世界の宇宙産業市場の最大のプレーヤーである米国では、アマゾンのCEOが設立したブルー・オリジン社や、宇宙ホテルの建設を目指すビゲロー・エアロスペース社等、宇宙ベンチャー企業の参入が活発化している。その牽引役とも言えるスペースX社は、2012年に “火星移住”というサイエンスフィクションに登場するような計画を発表した。ロケット打ち上げコストを100分の1にする構想を掲げており、2017年には再利用ロケット打ち上げを、2018年2月には積載能力世界最大のロケット打ち上げを成功させた。
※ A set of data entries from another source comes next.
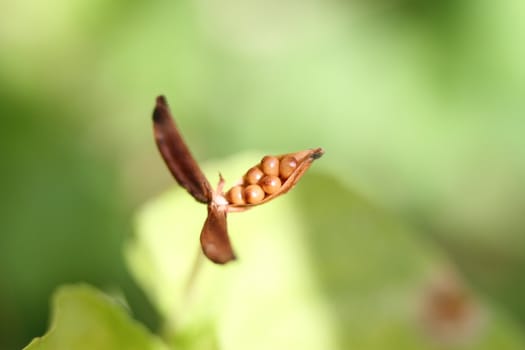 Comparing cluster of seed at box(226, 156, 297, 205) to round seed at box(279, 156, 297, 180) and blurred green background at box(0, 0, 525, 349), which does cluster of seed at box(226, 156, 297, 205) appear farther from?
blurred green background at box(0, 0, 525, 349)

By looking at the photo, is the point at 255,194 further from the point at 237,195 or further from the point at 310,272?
the point at 310,272

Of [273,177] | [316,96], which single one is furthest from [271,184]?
[316,96]

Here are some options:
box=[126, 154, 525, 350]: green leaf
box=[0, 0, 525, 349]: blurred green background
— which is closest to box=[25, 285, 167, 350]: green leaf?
box=[126, 154, 525, 350]: green leaf

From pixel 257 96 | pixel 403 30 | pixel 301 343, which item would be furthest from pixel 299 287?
pixel 403 30

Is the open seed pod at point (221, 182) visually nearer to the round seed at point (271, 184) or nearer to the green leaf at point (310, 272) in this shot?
the round seed at point (271, 184)

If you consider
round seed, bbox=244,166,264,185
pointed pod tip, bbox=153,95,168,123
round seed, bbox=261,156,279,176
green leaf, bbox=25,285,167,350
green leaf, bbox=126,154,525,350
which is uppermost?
pointed pod tip, bbox=153,95,168,123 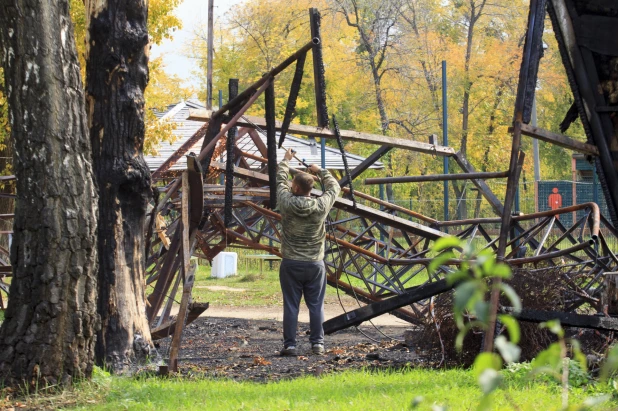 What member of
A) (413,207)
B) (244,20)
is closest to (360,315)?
(413,207)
ロケットの再利用と輸送能力の飛躍的拡大により、輸送単価が大幅に削減される見込みである。火星移住計画という夢の実現にも近づいている印象だ。

一方、日本の宇宙産業では、宇宙航空研究開発機構 (JAXA) と三菱重工業による「H3ロケット」の開発が注目されているが、これにかかる莫大な資金は基本的に国が負担している。一般に、潤沢な資金を調達できない民間企業、とりわけ、スタートアップしたばかりのベンチャー企業では、ロケット開発等宇宙ビジネスへの参入はハードルが高いと考えられる。

また、今回の「支援パッケージ」では、「衛星データのオープン&フリー化の推進と利用拡大のための実証拡充」を具体的な目標の1つとして定めている。衛星打ち上げのみならず、衛星を利用したサービス開発への参入可能性を高める施策として期待される。

従来、日本の技術開発は、研究先行となり商業化が遅いと指摘されてきた。「支援パッケージ」では、研究開発の推進を主眼にせず、宇宙ベンチャー企業の成長促進に焦点が当てられている点で、従来と異なる。5年後、日本の宇宙産業はどのように活性化し、どのようなサービスを受けることができるのだろうか。2023年への思いが高まるばかりである。